Le gouvernement grec est contraint de rouvrir temporairement la radio-télévision publique ERT jusqu'à ce qu'un nouvel organisme audiovisuel restructuré voie le jour, après le sursis obtenu lundi par les salariés auprès de la justice.

Le premier ministre Antonis Samaras, qui avait autoritairement procédé à la fermeture de l'ERT mardi dernier, laissant des écrans noirs et des radios muettes dans tout le pays, a proposé à ses partenaires gouvernementaux quelques minutes avant la publication du jugement du Conseil d'État, de revenir sur sa décision vivement critiquée en Grèce et à l'étranger.

Il a également dû s'engager auprès des deux partis avec lesquels il partage le pouvoir, les socialistes Pasok et la gauche démocratique Dimar, qui désapprouvaient la fermeture de l'ERT, à procéder à un remaniement ministériel «après le congrès de la Nouvelle Démocratie», soit vers la fin juin.

Les alliés gouvernementaux de M. Samaras l'avaient mis en garde contre un éclatement de la coalition et la possibilité de la convocation d'éventuelles élections anticipées s'il maintenait sa décision de faire disparaître la radio-télévision publique avec à la clé le licenciement d'environ 2700 employés.

M. Samaras a proposé qu'une commission, composée de représentants des trois partis de la coalition, soit chargée d'embaucher le nombre de journalistes nécessaire à la reprise temporaire des programmes, jusqu'à ce que soit adopté le nouveau projet de loi restructurant l'audiovisuel public, présenté par le gouvernement mercredi dernier, au lendemain de la fermeture de l'ERT.

Des conseillers étrangers, de la BBC notamment, ou d'autres groupes audiovisuels publics européens, devraient aider à la constitution de ce nouvel organisme, pour qu'il réponde aux normes de pluralisme, d'indépendance, et de transparence nécessaires pour être conforme aux normes européennes d'un média public, et non d'un média d'État, qui était la situation de l'ERT jusqu'à présent, selon une source gouvernementale.

La fermeture des chaînes de télévision et des stations de radio publiques depuis mardi dernier, du jamais vu en Europe, a provoqué une vive émotion et de nombreuses critiques.

Le président de l'Union européenne de radio-télévision (UER) représentant toutes les organisations de l'audiovisuel public en Europe (BBC, RAI, France Télévision, ZDF...) s'était déplacé à Athènes la semaine dernière pour demander la réouverture immédiate de l'ERT.

Dimanche, M. Samaras, qui a reçu le soutien de la chancelière allemande Angela Merkel pour les réformes engagées dans le pays, avait accusé ses partenaires gouvernementaux d'«hypocrisie», faisant valoir que supprimer des emplois dans le secteur public grec faisait partie des engagements de la Grèce à poursuivre les réformes prévues par le plan d'assainissement de l'économie, dicté par la troïka des créanciers, UE-BCE-FMI.

Le gouvernement tripartite de M. Samaras a été constitué dans la douleur il y a exactement un an, à l'issue des élections du 17 juin 2012 sur fond de grave crise économique et sociale.
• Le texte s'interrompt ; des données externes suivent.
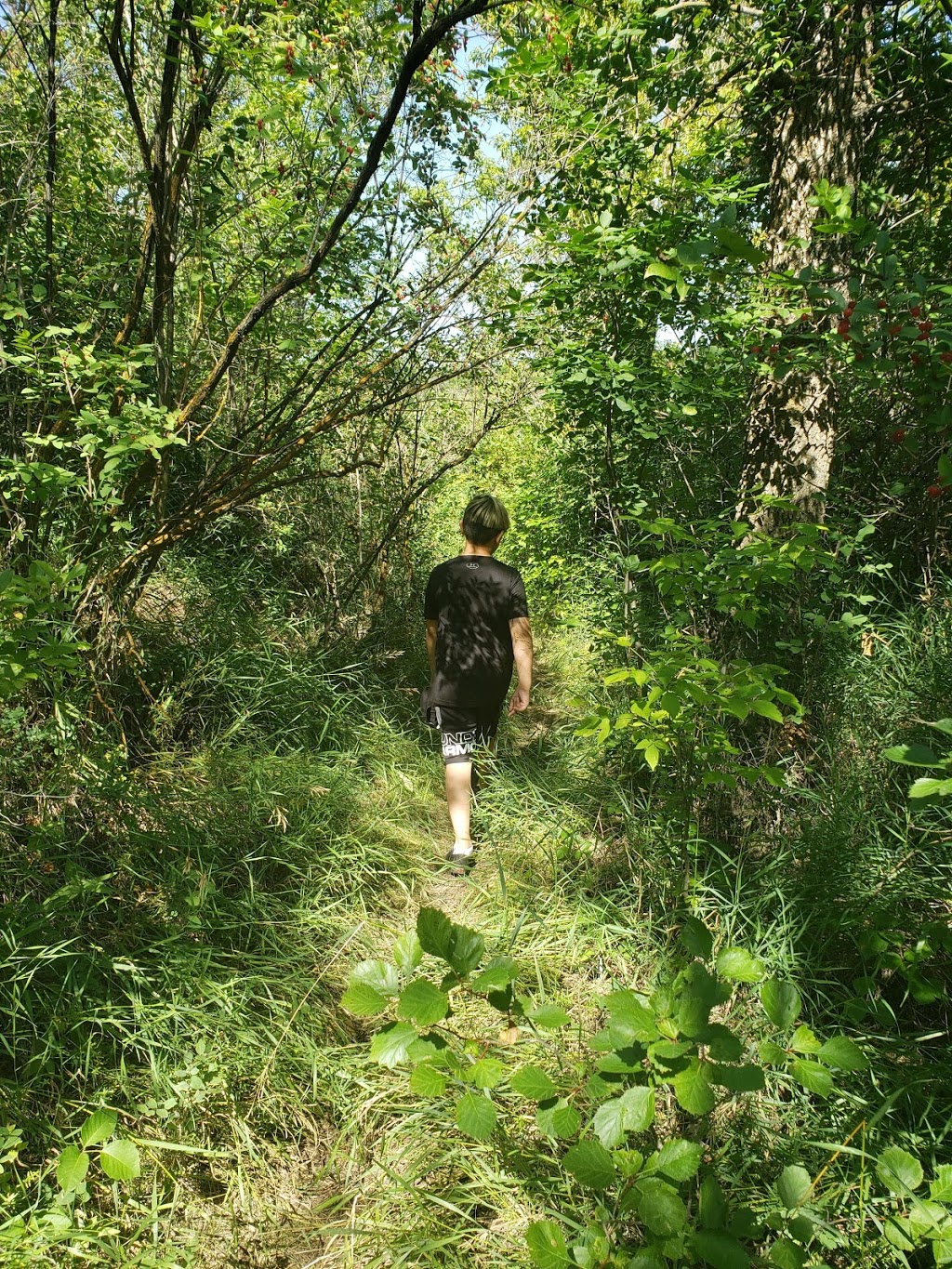 Connor Park | Laurel Rd, Bushell Park, SK S0H 0N0, Canada | Phone: (306) 692-8188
Ce scrutin a permis l'accession au Parlement d'un parti néonazi (Aube dorée), contestant les mesures d'austérité, le seul représenté en tant que tel dans un Parlement en Europe.

S'il devait y avoir des élections, «le principal danger en Grèce» serait d'aboutir à une «coalition entre Samaras et l'extrême droite», a estimé lundi le député européen Vert Dany Cohen-Bendit, de passage à Athènes pour lancer un appel d'Athènes en vue des prochaines élections européennes.

Le chef de l'opposition, Alexis Tsipras, dirigeant du parti de la Gauche radicale Syriza a harangué les foules lundi soir place Syntagma en face du Parlement pour fêter à sa manière le premier anniversaire du gouvernement Samaras, issu du vote du 17 juin 2012.

Pour lui, la décision du gouvernement de fermer l'ERT, était «un coup d'État, qui décapite des milliers d'employés et supprime le droit des citoyens à l'information». Cette décision «a montré les limites des politiques d'austérité de M. Samaras», a-t-il souligné.

La décision du Conseil d'État a été applaudie par les milliers de personnes rassemblées pour la septième soirée consécutive devant le siège de l'ERT dans la banlieue nord de la capitale grecque.